E.1 Hamilton 500
The Hamilton Watch Company of Lancaster, Pennsylvania USA won the race to introduce
the world's first electric wrist watch. It was also the first factory to start mass production of the electric wrist watch.
The connection between Hamilton and Epperlein is an interesting story, however, difficult
to unravel. Undoubtedly both factories have benefitted from each other's patents, since
the watches show great similarity. Certain patent rights owned by Hamilton indicate
Epperlein as the inventor of the electric wrist watch (See below in paragraph on Epperlein).
The complete history of this watch is accurately described in a book by René Rondeau
'The Watch of the Future, the story of the Hamilton Electric Watch'.

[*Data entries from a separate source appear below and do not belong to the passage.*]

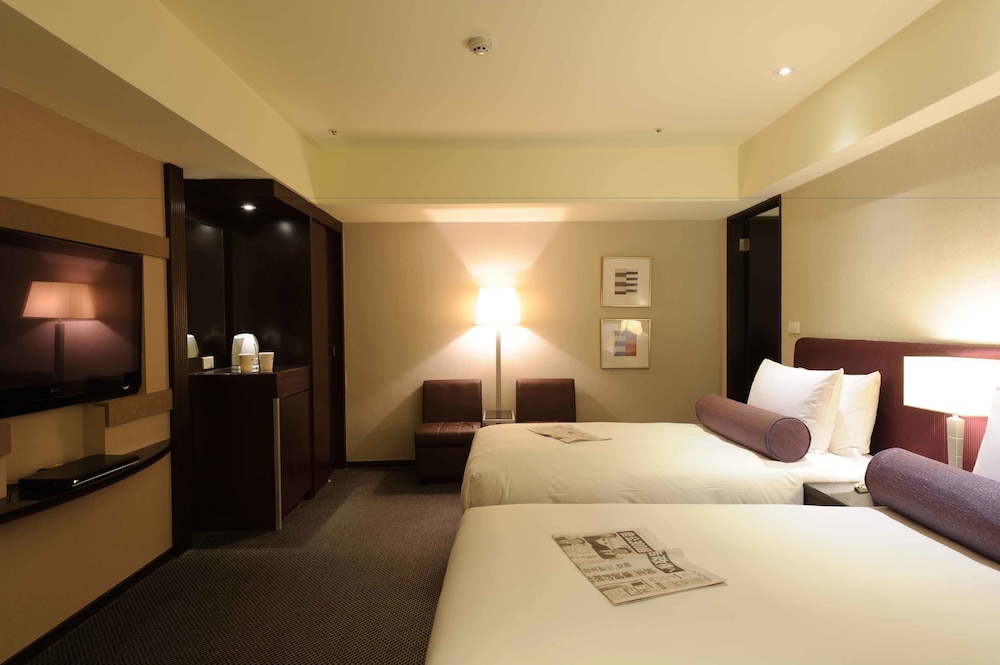 K Hotels Yungho 12/45
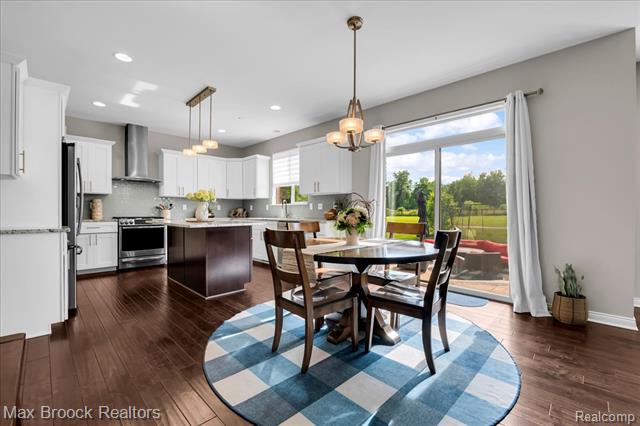 Builiding view fourteen for 1126 Queensboro, Rochester, MI. 48307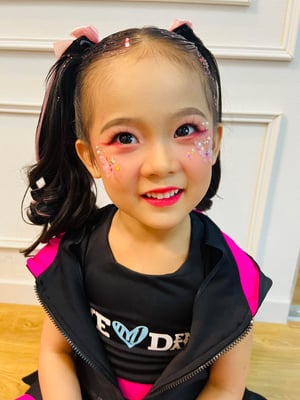 น้องของขวัญ มีการแสดงเต้นวันนี้ค่า งานนี…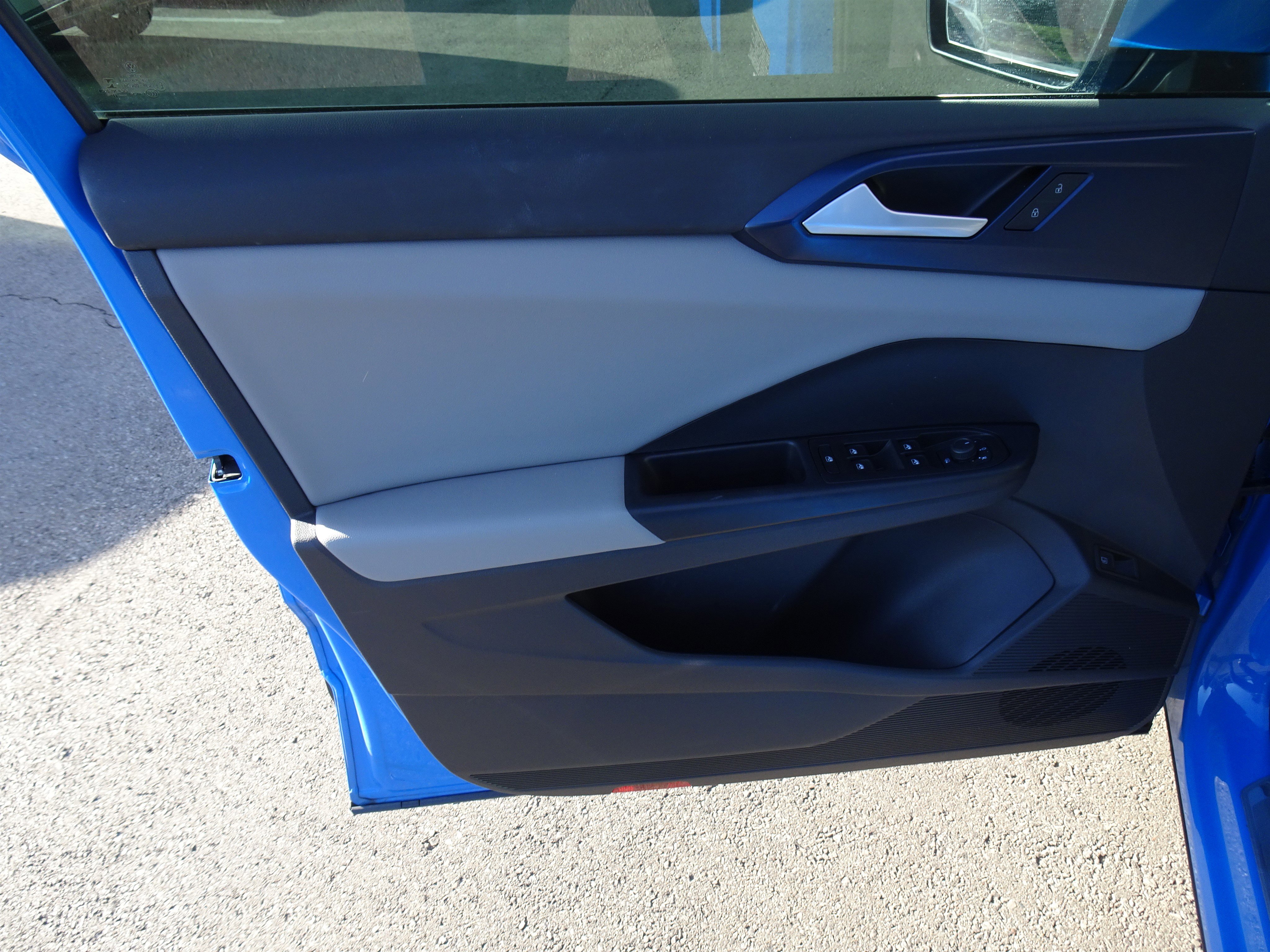 Used 2022 Volkswagen Taos SE w/ Panoramic Sunroof Package image 15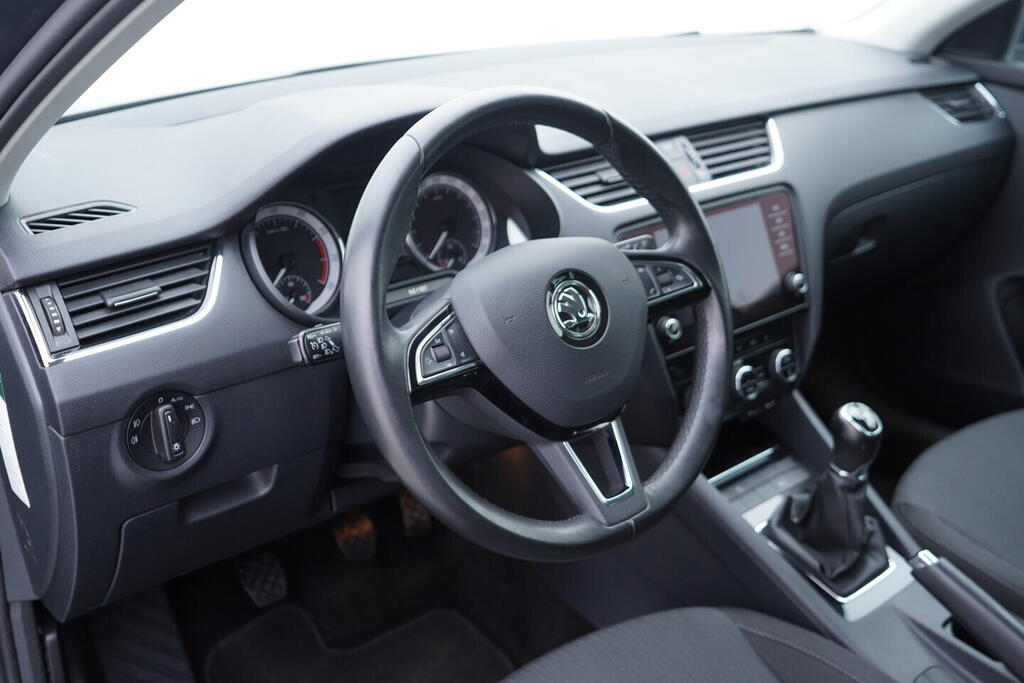 OV190V10282_22.webp_OCTAVIA Style 1.4 TSI 110 kW manuál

|1946||Hamilton's research manager, G. Luckey, starts exploring the possibility of producing a battery powered watch.|
|1946-1952||Two prototypes of watches are constructed and examined: |
|1.||The Koehler watch based on a clock design of Fred Koehler (USA patent 2,662,366, filed 19 october 1951). The conventional balance wheel is driven by a fixed coil encircling the movement. The first working prototype is ready in November 1952.|
|2.||The watch with fixed permanent magnets and moving coil, a design by Philip E. Biemiller and James H. Reese (USA patent 2,888,797, filed 12 February 1954). The first working prototype, the PM-1, is ready in February 1952.|
|1952||The Senior Physicist, Dr. John A. Van Horn, tests the watches and Hamilton decides to develop the permanent magnets model. Secret 'Project X' is started.|
|1956||At the end of 1956 mass production commences.|
|1957||On January 3rd, a press conference is held to introduce the 'Watch of the Future' in the United States: the world's first electric wrist watch. 'Project X' is completed after more than ten years of research. Two models are shown to the press, the 'Ventura' and the 'Van Horn'. Both are fitted with a 500 movement. The watch cases are manufactured by the Schwab and Wuischpard Watchcase Company. The basic models are designed by Richard Arbib. |
|1957||The 'Ventura' and the 'Van Horn' go on sale in the USA in April 1957. The watches become a tremendous success. |
|1959||Movement 500 A is released. |
|1961||Model 505 is released in May.|
|1966-1968||Some ladies' prototype electric watches are assembled, however Hamilton does not take them into production.|
|1969||The production of the Hamilton Electrics ends. The total number of electric watches produced by Hamilton (caliber 500 and 505) equals approximately 42,000 pieces.|
|1970-1972||One part of Hamilton and the brandname Hamilton are sold to SSIH (Omega), and another part is transformed into HMW Industries Inc.'s subsidiary, 'Time Computer Inc.'. This company manufactures the Pulsar and sells LED modules to SSIH-Omega by means of contract. Omega will sell these watches later under the name 'Time Computer'. |
The following different movements can be found:
|500||This is the first Hamilton electric movement. The movement caused many problems. During the first month after its release, about fifty percent were returned to the factory. The effect of a hasty introduction was enhanced by a lack of servicing facilities. The 500 movement was produced during three years. |
|501||Prototype very similar to the Epperlein 100.|
|500 A||This movement is slightly different from the 500 and 501. The 500 has a wire spring to hold the battery in place, the 500A has a clamp to avoid damage to the very delicate contact wires. A new time regulator system was fitted.|
|502||This is in fact the 505 model. The reference number 502 was only used for a short period of time.|
|505||The 505 had a totally renewed contact system which did not need any adjustment. The main problem with the 500 seemed to be solved with this system. |
|505 C||Prototype with calendar.|
|507||Calendar movement. In 1967, shortly after the production was started the company decided to terminate the project. Only about 25 movements were produced.|
In the nineteen sixties Hamilton lost its leading position and started production of the 'Vantage' series. This series contained 505 movements produced by Ricoh, Japan.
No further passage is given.